One such radical measure is too controversial for any policymaker to mention publicly, although some have discussed it in private: Instead of giving newly created money to bond traders, central banks could distribute it directly to the public. Technically such cash handouts could be described as tax rebates or citizens’ dividends, and they would contribute to government deficits in national accounting. But these accounting deficits would not increase national debt burdens, since they would be financed by issuing new money, at zero cost to government or to future generations, instead of selling interest-bearing government bonds. 
Giving away free money may sound too good to be true or wildly irresponsible, but it is exactly what the Fed and the BoE have been doing for bond traders and bankers since 2009. Directing QE to the general public would not only be much fairer but also more effective.

The key to the proposal is that existing bailout funds and quantitative easing has ended up being hoarded by the well-off and the flat-out rich, and so it has not primed the economy as governments had hoped. QEP target the 'real economy' by directly reducing household debt and encouraging spending. Kaletsky addresses some of the obvious objections in a later column, including its practicality and its potential impact on inflation. Personally I have no idea if it would work, but as Kaletsky points out, the current methods certainly aren't working.

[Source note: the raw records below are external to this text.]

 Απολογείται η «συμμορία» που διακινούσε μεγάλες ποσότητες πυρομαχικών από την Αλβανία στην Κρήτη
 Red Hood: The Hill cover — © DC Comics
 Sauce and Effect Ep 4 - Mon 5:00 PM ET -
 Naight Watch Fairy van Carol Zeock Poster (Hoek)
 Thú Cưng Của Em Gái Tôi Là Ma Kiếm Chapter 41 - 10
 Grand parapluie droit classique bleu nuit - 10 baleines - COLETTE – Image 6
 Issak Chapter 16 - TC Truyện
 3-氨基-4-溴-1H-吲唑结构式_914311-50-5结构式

Finally, millionaire entrepreneur Selwyn Pellett (e.g. Imarda) stressed the damage a high dollar is doing to the export sector, and decried the economic environment that discourages entrepreneurial growth, prevents vital economic diversification, and encourages young and talented New Zealanders and New Zealand companies to shift overseas permanently to find more receptive environments in which to operate. The exchange rate is of course not the only economic lever affecting business development in New Zealand, Pellett argued, but it is a key factor limiting business growth and the ability of New Zealand companies to compete internationally. Pellett said plenty more of interest too, but for a change I was listening rather than taking notes!   

Voyage of a Lifetime was an excellent way to spend a Sunday afternoon and definitely provided plentiful food for thought, particularly for someone like me who doesn't have a free and easy grasp of modern economics, but is interested in how national policy settings can influence the national economic agenda and our future wellbeing.